Selon Régine Brehier, les recommandations de la Cour permettent d’identifier « des points d’amélioration sur lesquels le port s’attachera, pour ce qui le concerne, à apporter une réponse appropriée ». Il en va ainsi du « besoin de clarification du rôle et des responsabilités des agences territoriales ». Il en va de même du « besoin de suivi de la performance du GIE Haropa »: un programme de travail pour 2016 prévoit un effort de définition d’indicateurs à cette fin. Le port rappelle qu’Haropa a marqué le début d’une nouvelle coopération interportuaire le long de l’axe Seine. « Il en a résulté une meilleure articulation de la stratégie des ports et un travail de développement d’une offre commune. Cette démarche s’appuie sur un projet commun au bénéfice de l’axe Seine et du développement des modes alternatifs à la route. Si la situation des ports est différenciée, notamment au plan financier, il convient de préserver cette approche globale, facteur de réussite, au contraire d’une approche qui serait structurellement dissymétrique et déstabiliserait le projet. » Enfin, l’expression de la Cour des comptes qualifiant de « rente » les revenus de Ports de Paris, n’est pas acceptée par la direction du Port. Pour celle-ci, « c’est oublier le travail mené par le Port et ses équipes afin de valoriser le domaine et répondre aux missions qui lui sont dévolues. La bonne intégration des sites portuaires au sein des villes qui les accueillent est un enjeu vital pour Ports de Paris, comme le souligne la Cour. Cette obligation de pouvoir évoluer au rythme de la métropole parisienne crée une charge sur Ports de Paris qui doit être prise en compte dans l’appréciation qui est faite des recettes du Port. Le programme pluriannuel d’investissements de Ports de Paris est destiné à utiliser de manière active son savoir-faire et ses capacités d’investissement pour faire évoluer les zones portuaires ou développer de nouvelles zones sur le fleuve, et favoriser ainsi le report modal. […] L’appréciation de la pertinence des ristournes est un exercice difficile: elles sont probablement décisives pour empêcher un report modal à rebours, car sans les ristournes, les grands acteurs du BTP pourraient beaucoup plus difficilement être présents dans le cœur de l’agglomération parisienne et seraient rejetés vers ses franges sans autre possibilité que la route pour l’approvisionner ».

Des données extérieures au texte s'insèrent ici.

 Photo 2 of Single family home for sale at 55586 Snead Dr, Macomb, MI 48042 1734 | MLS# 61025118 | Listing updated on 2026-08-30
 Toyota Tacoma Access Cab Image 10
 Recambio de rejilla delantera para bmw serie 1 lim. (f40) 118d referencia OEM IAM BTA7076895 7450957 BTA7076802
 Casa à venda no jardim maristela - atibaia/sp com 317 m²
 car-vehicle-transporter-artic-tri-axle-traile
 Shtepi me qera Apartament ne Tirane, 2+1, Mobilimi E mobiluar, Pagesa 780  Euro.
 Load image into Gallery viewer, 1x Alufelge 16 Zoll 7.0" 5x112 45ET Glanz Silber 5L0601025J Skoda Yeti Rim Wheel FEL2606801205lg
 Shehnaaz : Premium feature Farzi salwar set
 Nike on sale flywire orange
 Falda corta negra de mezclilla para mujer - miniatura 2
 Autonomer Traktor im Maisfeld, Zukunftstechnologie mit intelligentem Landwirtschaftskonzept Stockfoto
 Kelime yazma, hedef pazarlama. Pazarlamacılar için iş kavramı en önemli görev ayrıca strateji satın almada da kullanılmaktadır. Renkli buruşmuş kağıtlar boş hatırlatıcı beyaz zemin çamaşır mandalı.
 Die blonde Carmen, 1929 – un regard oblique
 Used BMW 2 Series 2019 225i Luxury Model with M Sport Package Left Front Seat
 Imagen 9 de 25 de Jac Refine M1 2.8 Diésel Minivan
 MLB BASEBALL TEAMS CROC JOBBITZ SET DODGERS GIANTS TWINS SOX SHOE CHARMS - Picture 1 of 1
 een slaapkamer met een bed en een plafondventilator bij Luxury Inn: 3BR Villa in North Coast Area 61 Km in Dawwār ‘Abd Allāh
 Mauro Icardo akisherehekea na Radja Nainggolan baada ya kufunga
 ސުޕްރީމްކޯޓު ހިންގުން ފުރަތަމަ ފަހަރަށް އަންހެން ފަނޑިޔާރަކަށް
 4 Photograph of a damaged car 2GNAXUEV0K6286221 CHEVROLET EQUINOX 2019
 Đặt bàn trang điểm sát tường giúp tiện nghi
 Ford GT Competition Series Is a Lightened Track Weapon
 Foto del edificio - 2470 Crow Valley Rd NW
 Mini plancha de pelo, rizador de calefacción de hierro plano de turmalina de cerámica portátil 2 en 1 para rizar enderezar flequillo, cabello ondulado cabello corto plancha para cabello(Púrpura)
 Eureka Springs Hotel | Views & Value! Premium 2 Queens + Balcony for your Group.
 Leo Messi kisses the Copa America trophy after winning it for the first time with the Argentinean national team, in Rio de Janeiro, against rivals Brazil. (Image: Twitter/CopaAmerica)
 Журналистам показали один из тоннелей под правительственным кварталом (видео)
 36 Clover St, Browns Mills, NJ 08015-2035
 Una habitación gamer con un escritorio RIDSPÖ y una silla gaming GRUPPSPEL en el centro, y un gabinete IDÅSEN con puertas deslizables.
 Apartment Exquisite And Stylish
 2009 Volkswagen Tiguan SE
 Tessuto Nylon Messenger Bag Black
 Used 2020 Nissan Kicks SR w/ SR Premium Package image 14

Sur la partie concernant les ressources humaines, la direction du PAP indique que le travail va se poursuivre concernant la GPEC. Quant à « l’ouverture d’un chantier « temps de travail » pour assouplir le fonctionnement des équipes et corriger un certain nombre de défauts », la direction précise que « ce travail, sur ce qui est perçu comme un acquis social fondamental du Port, ne peut être engagé que dans un climat de confiance avec les IRP, gage de la poursuite d’un dialogue social constructif ».